Listed records -
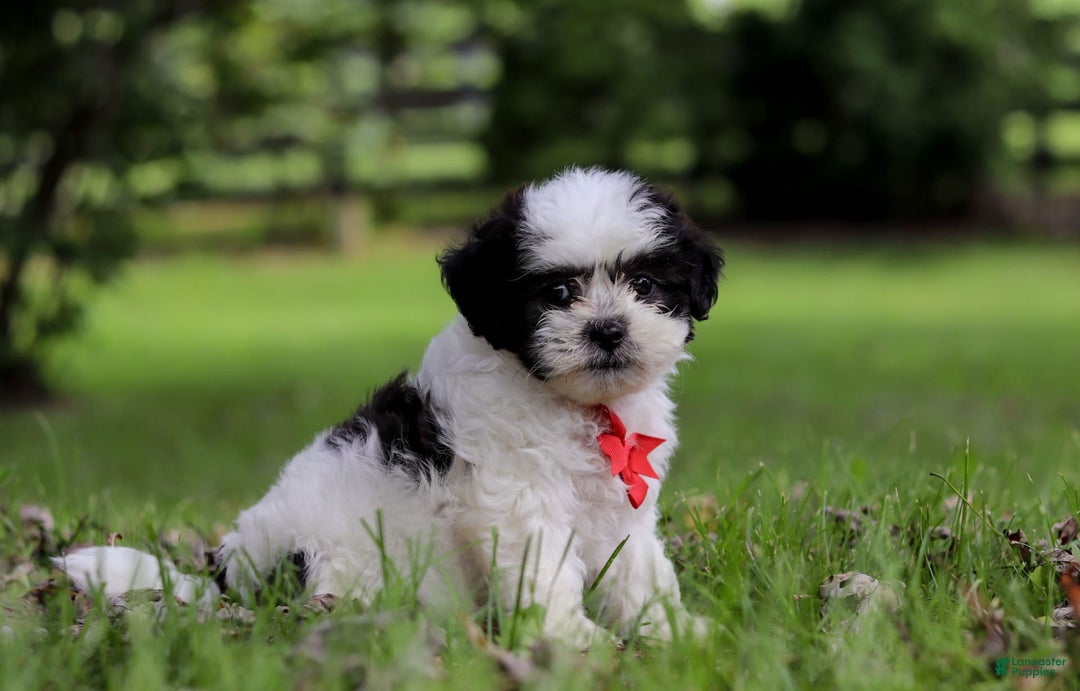 Shihpoo dogs for sale: Landon - Image 4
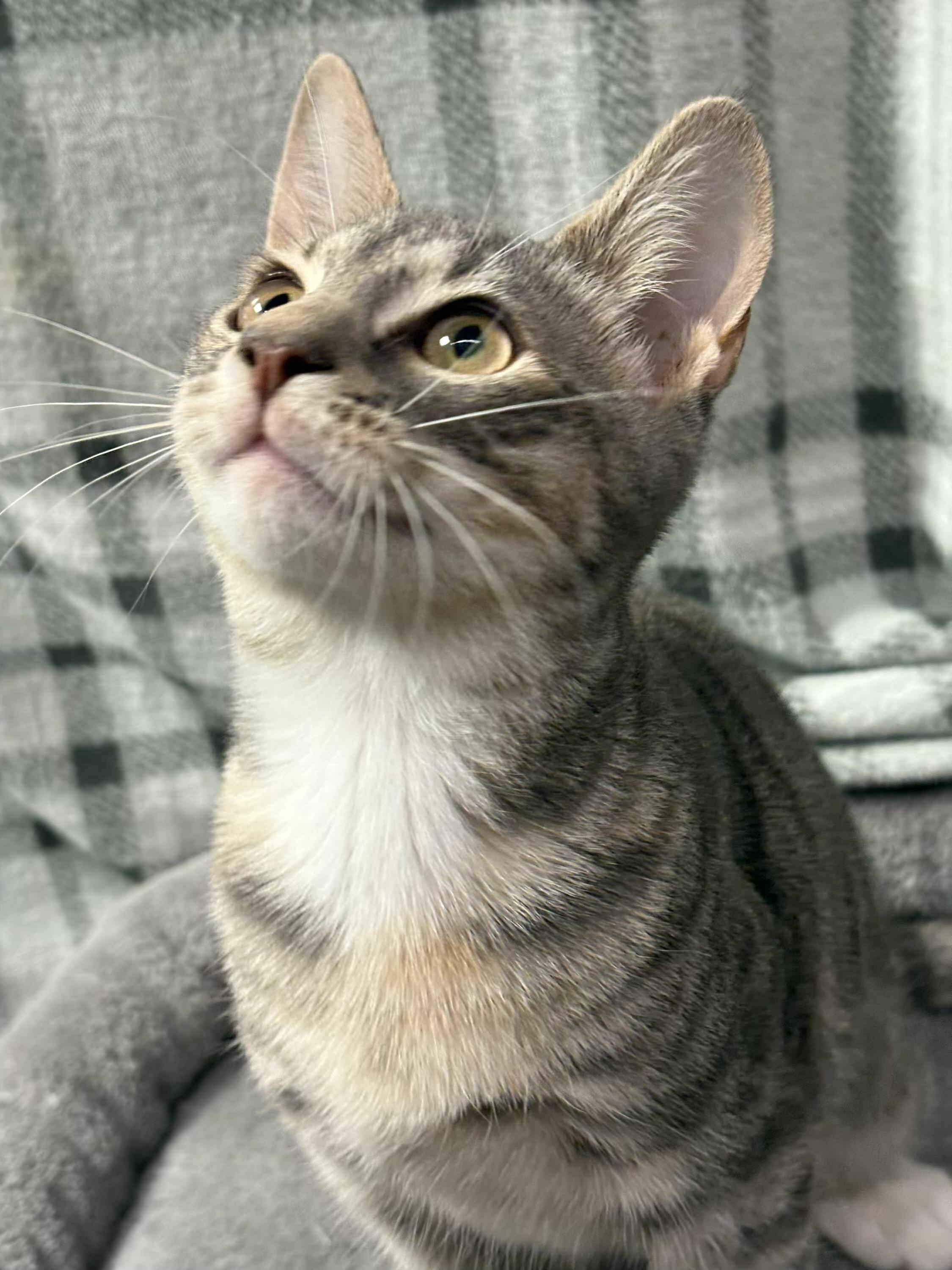 Glinda - Kuykendahl Petsmart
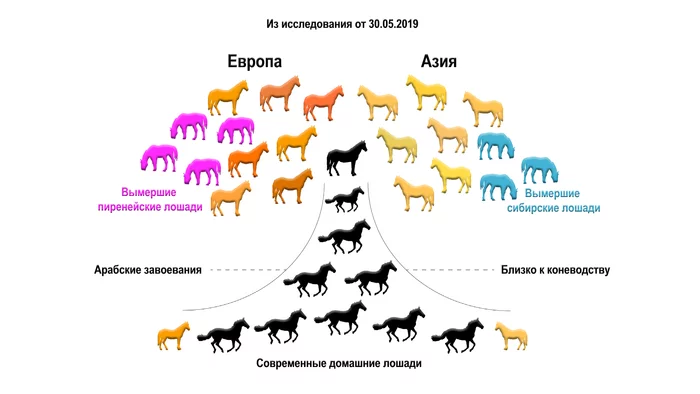 The origin of domestic horses of the Caucasus and Anatolia clarified DNA - My, The science, Domestication, Taming, Story, Genetics, Longpost, Anatolia, Horses, Zoology, Video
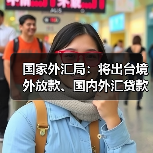 国家外汇局:将出台境外放款、国内外汇贷款资金管理等政策(图4) 国家外汇局:将出台境外放款、国内外汇贷款资金管理等政策(图4)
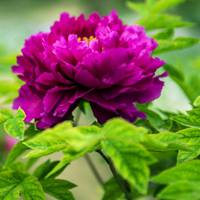 微信头像牡丹花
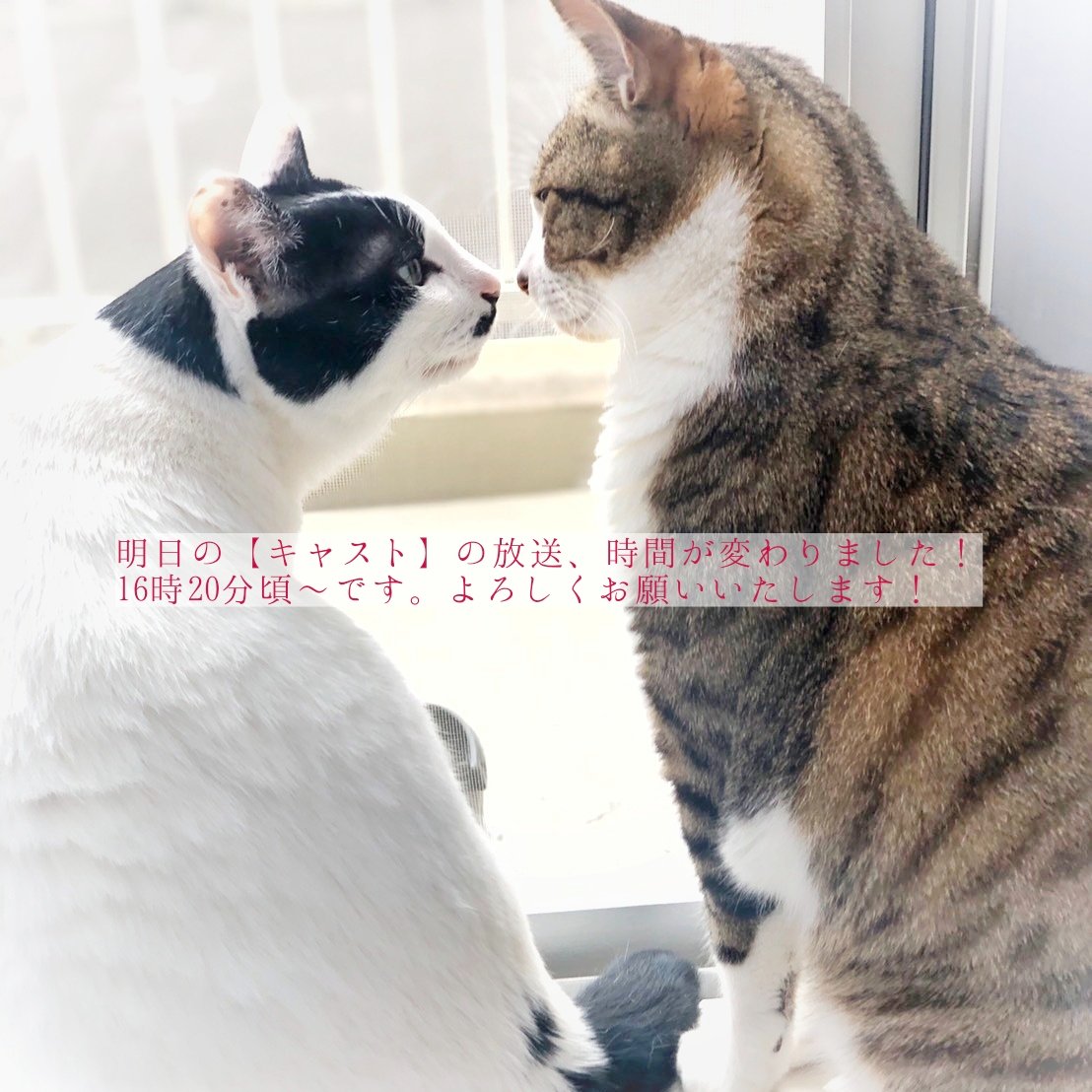 京都 佐々木酒造株式会社 放送時間変更 ａｂｃテレビ朝日放送 キャスト Cast 京を継ぐ 美と心 16時分頃 放送 特集 豊かな水の上で Do You Kyotoネットワークメンバー 佐々木晃 事前にお知らせした時間 より50分程繰り上がるそうです ご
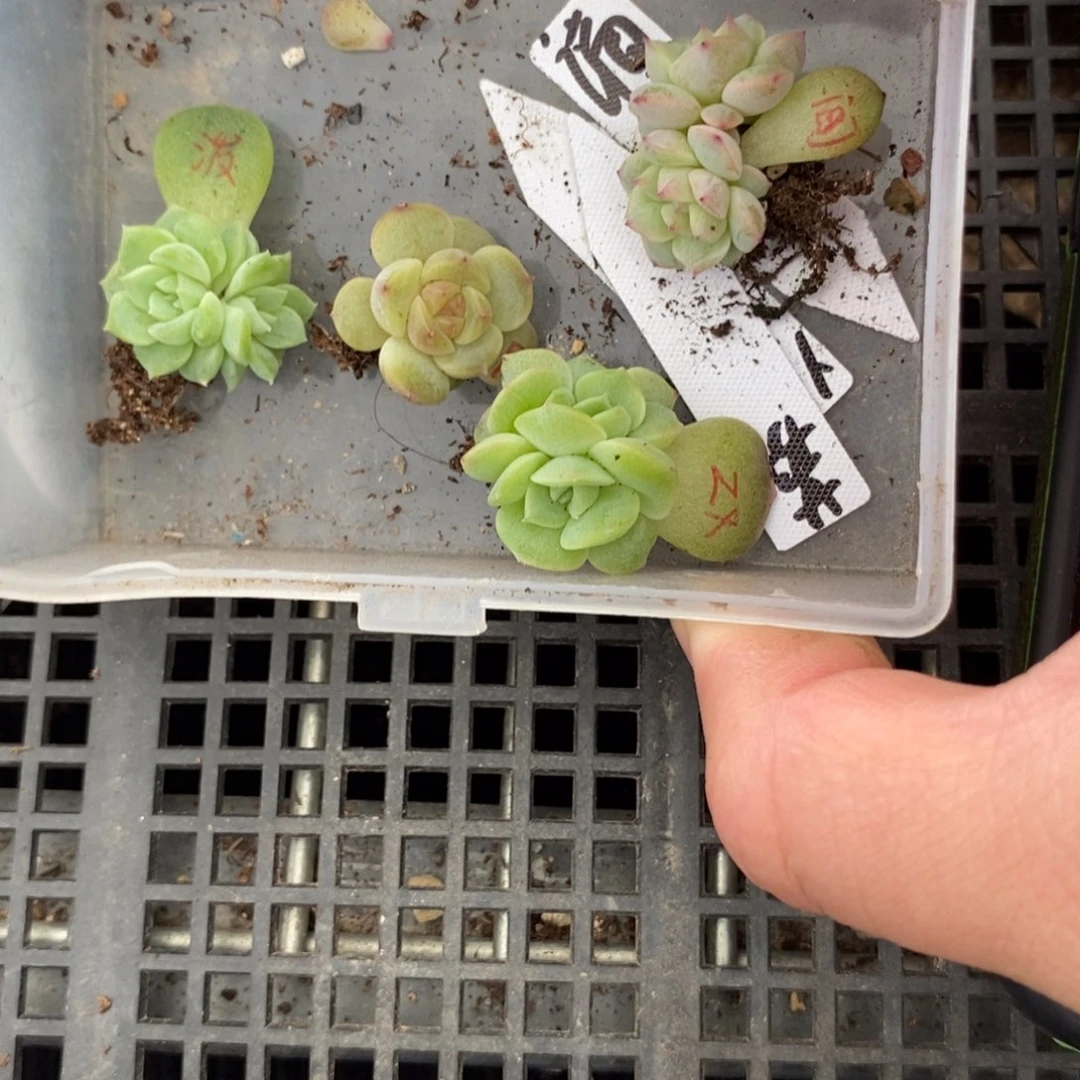 标签218打包4颗多肉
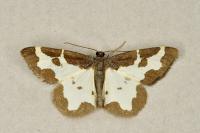 Lomaspilis marginata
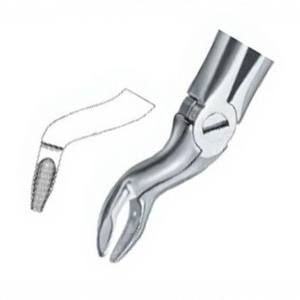 Forceps d'extraction de dents Fig57 B meilleure qualité logo personnalisé produits Instruments dentaires en acier inoxydable - Product Image 3
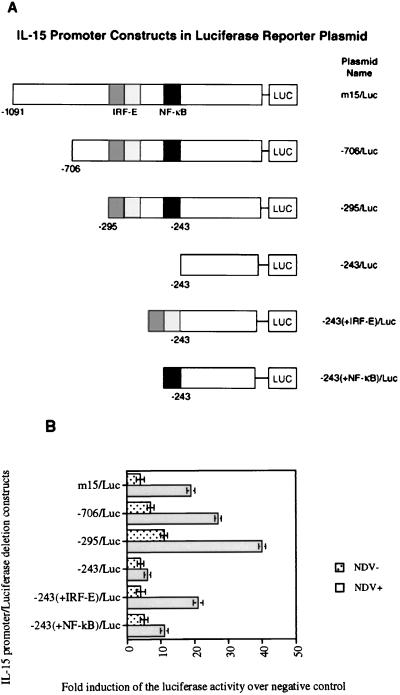 FIG. 3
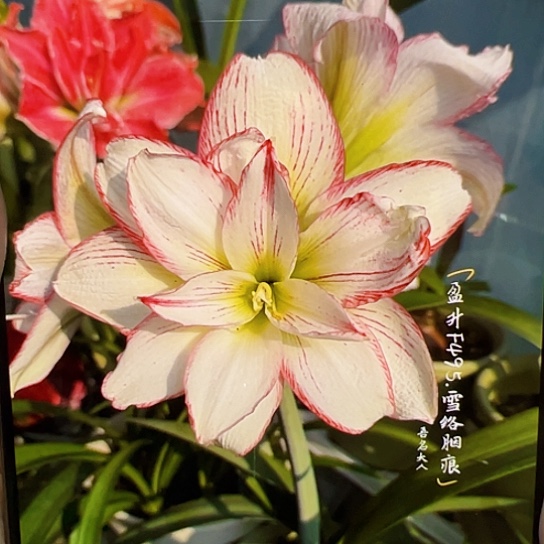 朱顶红F495开花球5-6cm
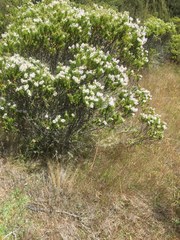 Veronica brachysiphon
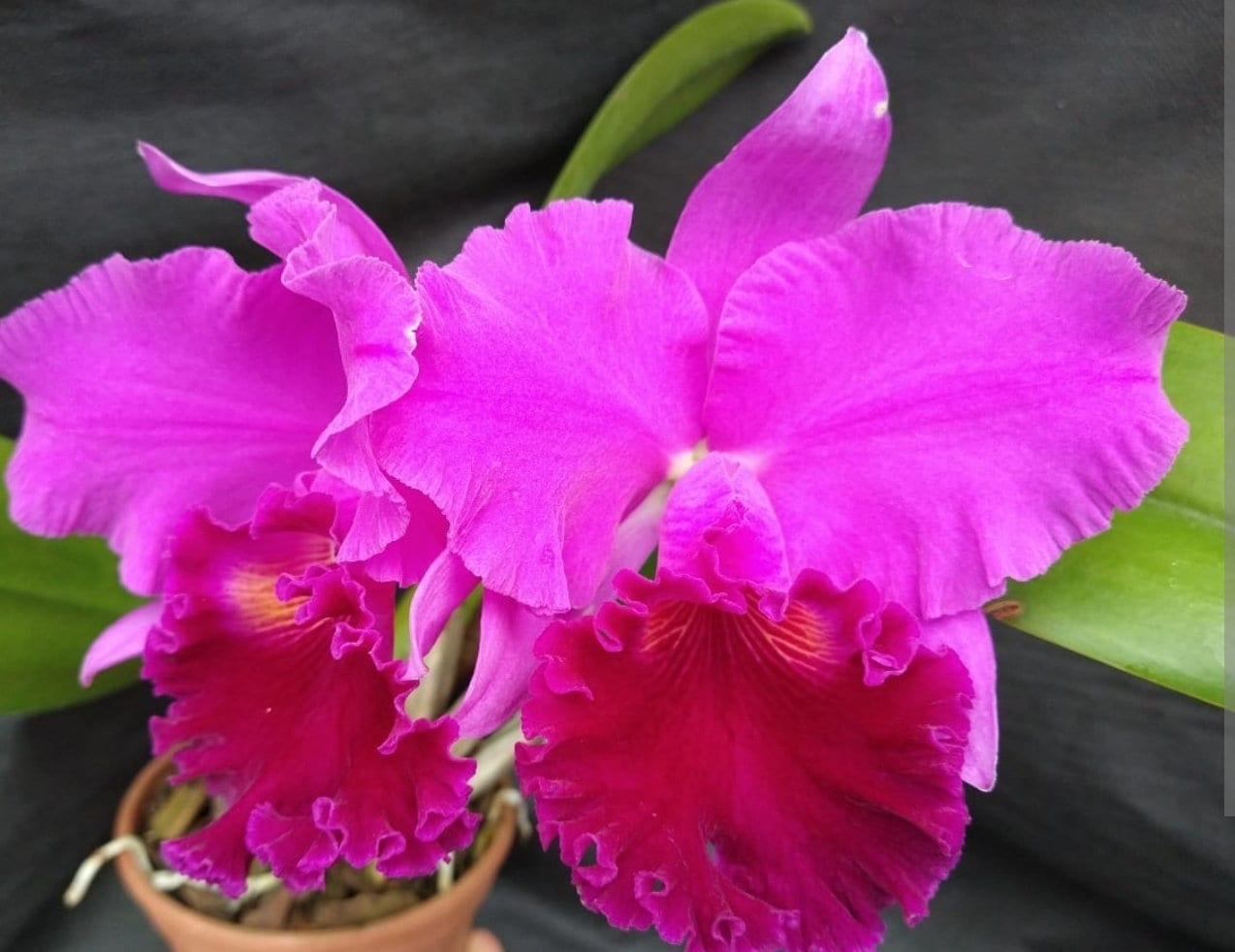 Híbrido de orquídea Cattleya Rlc Amy Wakasugi 'NN', quase em tamanho de floração. Flores grandes e perfumadas de lavanda. Vasos de 8,9 cm.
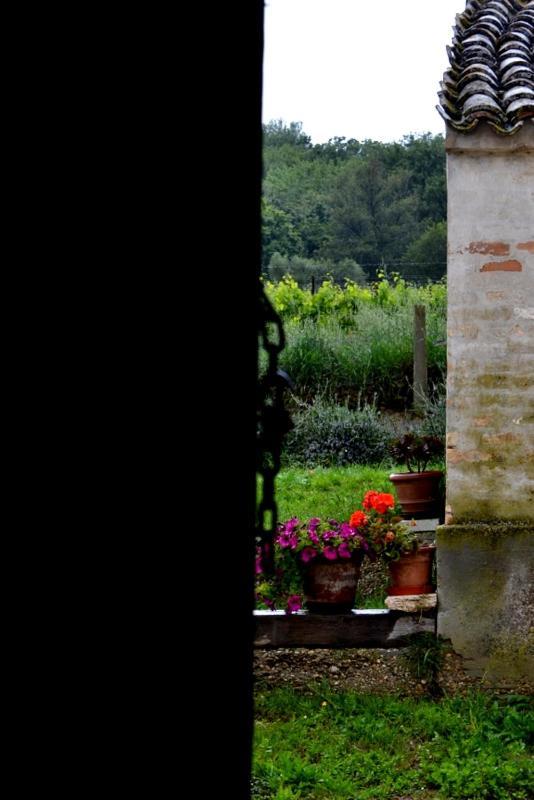 B&B Casale Fonte Vecchia モンテプランドーネ エクステリア 写真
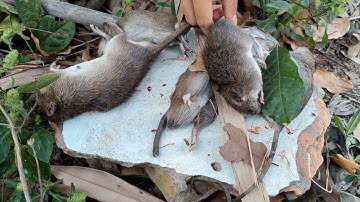 ĐỘI BẮT CHUỘT KHÔNG CHUYÊN VÀ CÁI KẾT KHÔNG NGỜ - THEO MÁY CẮT BẮT CHUỘT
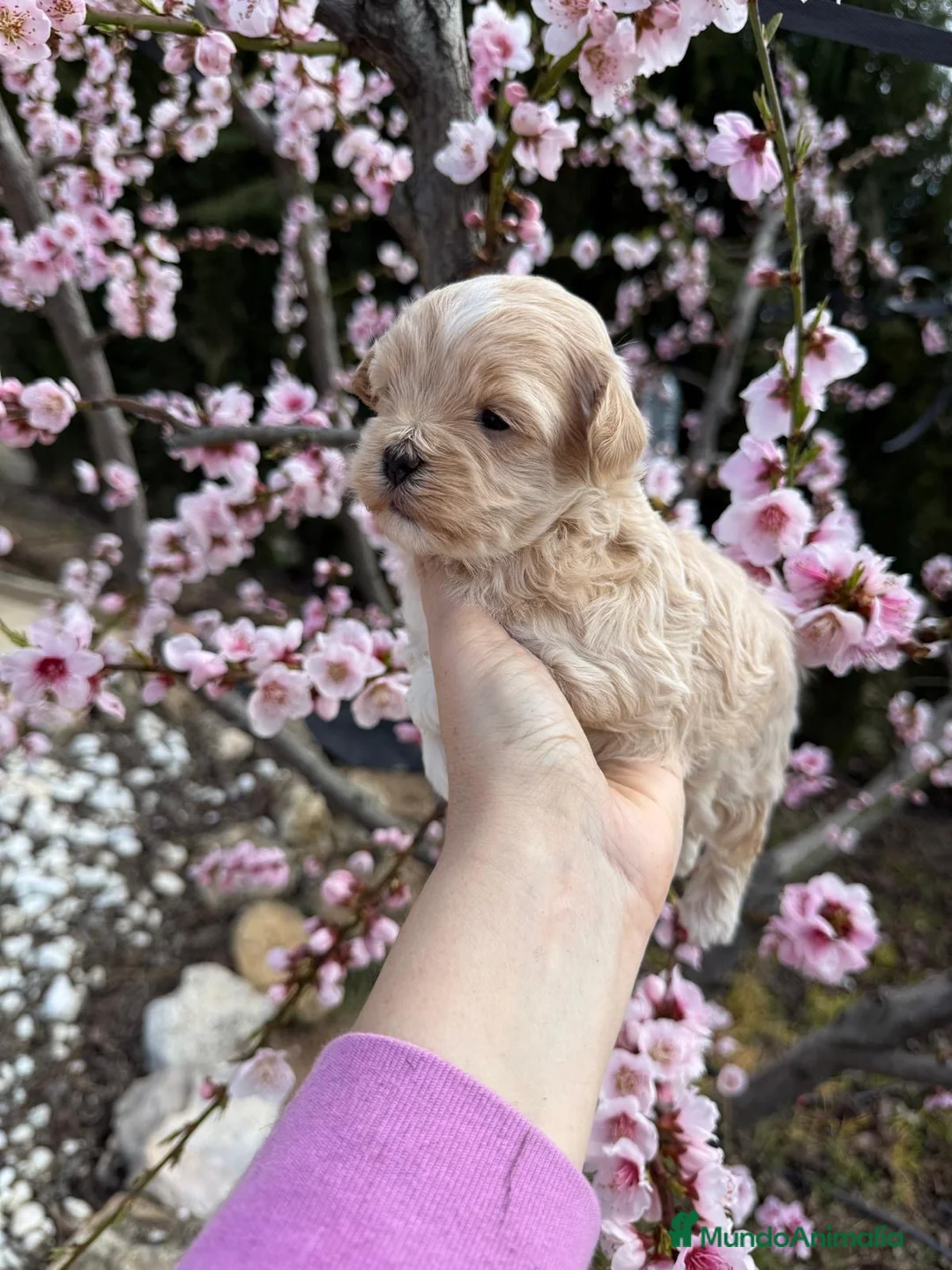 Maltipoo perros en venta: Maltipoo hembra y macho !!! - Anuncio 2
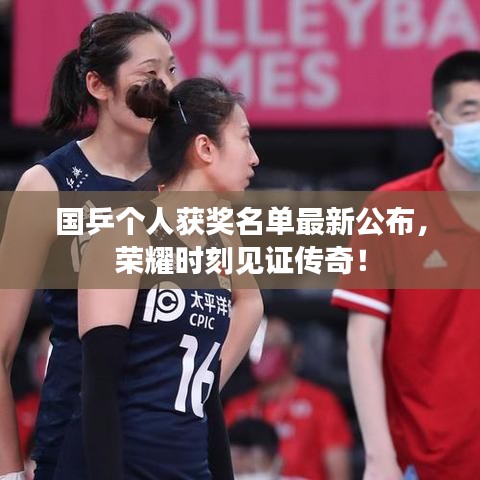 国乒个人获奖名单最新公布,荣耀时刻见证传奇!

Your objective -
Only the pictures stay out; the rest of the entries above must be written out exactly.

Result for this task -
 Shihpoo dogs for sale: Landon - Image 4
 Glinda - Kuykendahl Petsmart
 The origin of domestic horses of the Caucasus and Anatolia clarified DNA - My, The science, Domestication, Taming, Story, Genetics, Longpost, Anatolia, Horses, Zoology, Video
 国家外汇局:将出台境外放款、国内外汇贷款资金管理等政策(图4) 国家外汇局:将出台境外放款、国内外汇贷款资金管理等政策(图4)
 微信头像牡丹花
 京都 佐々木酒造株式会社 放送時間変更 ａｂｃテレビ朝日放送 キャスト Cast 京を継ぐ 美と心 16時分頃 放送 特集 豊かな水の上で Do You Kyotoネットワークメンバー 佐々木晃 事前にお知らせした時間 より50分程繰り上がるそうです ご
 标签218打包4颗多肉
 Lomaspilis marginata
 Forceps d'extraction de dents Fig57 B meilleure qualité logo personnalisé produits Instruments dentaires en acier inoxydable - Product Image 3
 FIG. 3
 朱顶红F495开花球5-6cm
 Veronica brachysiphon
 Híbrido de orquídea Cattleya Rlc Amy Wakasugi 'NN', quase em tamanho de floração. Flores grandes e perfumadas de lavanda. Vasos de 8,9 cm.
 B&B Casale Fonte Vecchia モンテプランドーネ エクステリア 写真
 ĐỘI BẮT CHUỘT KHÔNG CHUYÊN VÀ CÁI KẾT KHÔNG NGỜ - THEO MÁY CẮT BẮT CHUỘT
 Maltipoo perros en venta: Maltipoo hembra y macho !!! - Anuncio 2
 国乒个人获奖名单最新公布,荣耀时刻见证传奇!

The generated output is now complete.